» Task directions
Take the data from its first line. Print each line exactly until the line containing "Read Tenbou Daikaku" has been printed too.

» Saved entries
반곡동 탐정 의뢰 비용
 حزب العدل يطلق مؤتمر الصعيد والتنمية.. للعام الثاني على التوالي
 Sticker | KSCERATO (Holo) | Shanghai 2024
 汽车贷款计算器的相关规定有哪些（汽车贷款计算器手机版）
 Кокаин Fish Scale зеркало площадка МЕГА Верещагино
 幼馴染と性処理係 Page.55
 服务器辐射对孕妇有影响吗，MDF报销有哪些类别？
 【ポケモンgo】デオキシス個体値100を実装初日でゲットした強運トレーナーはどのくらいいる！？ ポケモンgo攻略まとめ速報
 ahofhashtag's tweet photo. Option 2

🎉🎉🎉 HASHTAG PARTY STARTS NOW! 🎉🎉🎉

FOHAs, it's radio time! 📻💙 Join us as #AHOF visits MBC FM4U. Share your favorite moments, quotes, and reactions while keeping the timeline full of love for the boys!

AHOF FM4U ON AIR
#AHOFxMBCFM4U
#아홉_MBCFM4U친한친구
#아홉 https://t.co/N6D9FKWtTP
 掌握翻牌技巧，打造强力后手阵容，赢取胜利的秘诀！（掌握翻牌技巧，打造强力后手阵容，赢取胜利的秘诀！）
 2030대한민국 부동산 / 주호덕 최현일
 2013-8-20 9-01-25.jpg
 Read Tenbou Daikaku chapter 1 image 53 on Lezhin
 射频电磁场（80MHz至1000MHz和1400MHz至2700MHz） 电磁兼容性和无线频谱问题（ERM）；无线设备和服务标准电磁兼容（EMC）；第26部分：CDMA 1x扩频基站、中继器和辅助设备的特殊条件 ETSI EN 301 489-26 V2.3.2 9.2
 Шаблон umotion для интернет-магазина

» Solved exercise
반곡동 탐정 의뢰 비용
 حزب العدل يطلق مؤتمر الصعيد والتنمية.. للعام الثاني على التوالي
 Sticker | KSCERATO (Holo) | Shanghai 2024
 汽车贷款计算器的相关规定有哪些（汽车贷款计算器手机版）
 Кокаин Fish Scale зеркало площадка МЕГА Верещагино
 幼馴染と性処理係 Page.55
 服务器辐射对孕妇有影响吗，MDF报销有哪些类别？
 【ポケモンgo】デオキシス個体値100を実装初日でゲットした強運トレーナーはどのくらいいる！？ ポケモンgo攻略まとめ速報
 ahofhashtag's tweet photo. Option 2

🎉🎉🎉 HASHTAG PARTY STARTS NOW! 🎉🎉🎉

FOHAs, it's radio time! 📻💙 Join us as #AHOF visits MBC FM4U. Share your favorite moments, quotes, and reactions while keeping the timeline full of love for the boys!

AHOF FM4U ON AIR
#AHOFxMBCFM4U
#아홉_MBCFM4U친한친구
#아홉 https://t.co/N6D9FKWtTP
 掌握翻牌技巧，打造强力后手阵容，赢取胜利的秘诀！（掌握翻牌技巧，打造强力后手阵容，赢取胜利的秘诀！）
 2030대한민국 부동산 / 주호덕 최현일
 2013-8-20 9-01-25.jpg
 Read Tenbou Daikaku chapter 1 image 53 on Lezhin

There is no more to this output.